I've tried with ALL of the available Windows 8 apps and I have to admit, I enjoyed most of them. They offer a leaner experience of services I've come to know and love.
During the entire period of the Windows 8 Consumer Preview, all Metro apps are free - so go out and shop! Here's the best of the bunch:
Evernote looks nothing like the desktop "Windows 7" app, but rather a built-from-scratch and completely redesigned tile. It works as expected: you create notes, you read notes, you sync notes.
What I don't get, however, is that Evernote doesn't offer a Preview tab that shows notes, but rather just small icon. I'd bet that this gets corrected soon.
2. Video appv
A built-in app, but impressive nonetheless: Microsofts "Video" app ties in with the Zune video store. The marketplace offers several hundred movie downloads and rentals -- it's no iTunes yet, but the prices can't be beat. Several very recent movies go for 280 to 420 Microsoft points (oh yeah, did I mention you need to pay with Microsoft points? Yuck!) -- both in HD and SD. Only a handful of older movies (Forrest Gump, for example) are priced higher than that.
The app itself is beautifully designed. Simple and elegant. Click on a movie poster and you can easily buy or rent a movie.
3. Cook Book
Amateur chefs, here's one for you: The Cook Book app sports more than 200,000 recipes from the Big Oven service. You can select from a variety recipes and get detailed lists of ingredients, instructions and user reviews.
Here's another service that greatly benefits from being an app, instead of a (mostly) ad-cluttered website with information overflow.
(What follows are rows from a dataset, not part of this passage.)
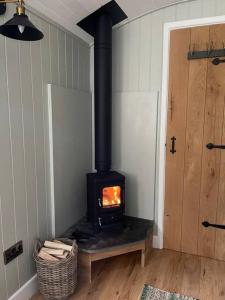 a stove in the corner of a room at Forest View Shepherd Hut in Ewhurst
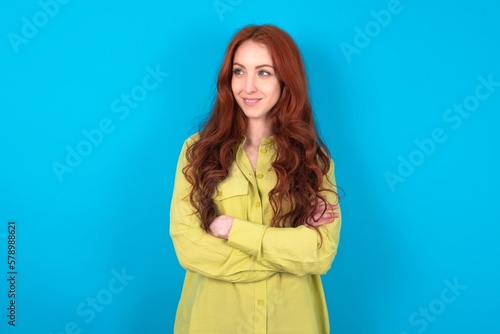 Dreamy rest relaxed young woman wearing green sweater over blue background crossing arms, looks good copyspace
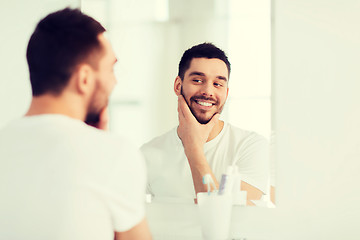 Image showing happy young man looking to mirror at home bathroom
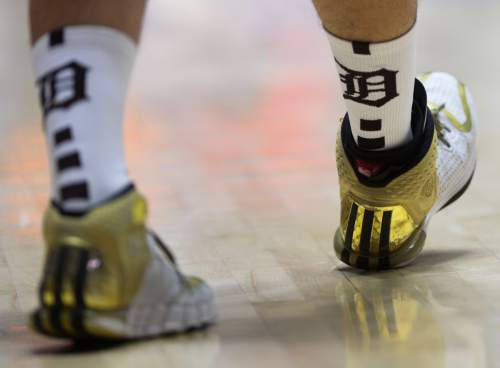 Steve Griffin  |  The Salt Lake Tribune

Davis's Tony Feick (5) shows his colors on his shoes during quarterfinals of the boy's 5A basketball state tournament game against Pleasant Grove at the Dee Event Center in Ogden, Wednesday, February 25, 2015.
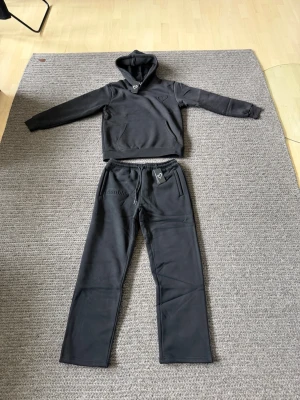 Svart loungewear-set från Doublés - Mysigt svart loungewear-set från Doublés med hoodie och matchande byxor. Hoodien har ficka framtill och byxorna har dragsko i midjan samt broderad logga. Perfekt för chill dagar hemma. Mjukt material som känns skönt mot huden.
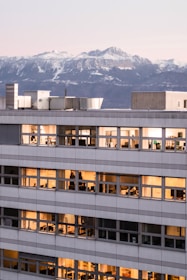 An office building with illuminated windows is pictured against a backdrop of snow-capped mountains during dusk. The warm glow from the interior contrasts with the cold hues of the mountain range in the background.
The Kayak app is simple and does what it's there to do: Find the best hotels. You'll get reviews, directions (using Bing Maps, what else) and photos for most hotels in the world.
What? No YouTube'? Not a problem: Vimeo offers mostly higher-quality videos and is not nearly as littered with stupid clips. The vimeo app is probably one of the most beautiful apps out there and sports a very -- dare I repeat it -- "fast and fluid" experience. And yeah, it's really fast and fluid.
Use the Dictionary.com app for pretty much anything you'd use a dictionary for -- except maybe an impromptu booster seat or DIY flower press.
Popular blogging platform Wordpress has a nice little app on the Windows Store. It displays all blogs very elegantly, allows you to browse for topics and share links, pictures and quotes from any app. Say, for example, you've created a neat little image using Ashampoo ImageFX (number 8). Just bring up the Charms menu and select Share, Wordpress. That'll copy the picture to Wordpress and onto your blog. This concept works with many apps on the store.
8. Ashampoo ImageFX
This one's more playful than useful. ImageFX lets you apply tons of cute effects and filters on your images -- both local and on SkyDrive. You can share it with any other app that allows the Share charm.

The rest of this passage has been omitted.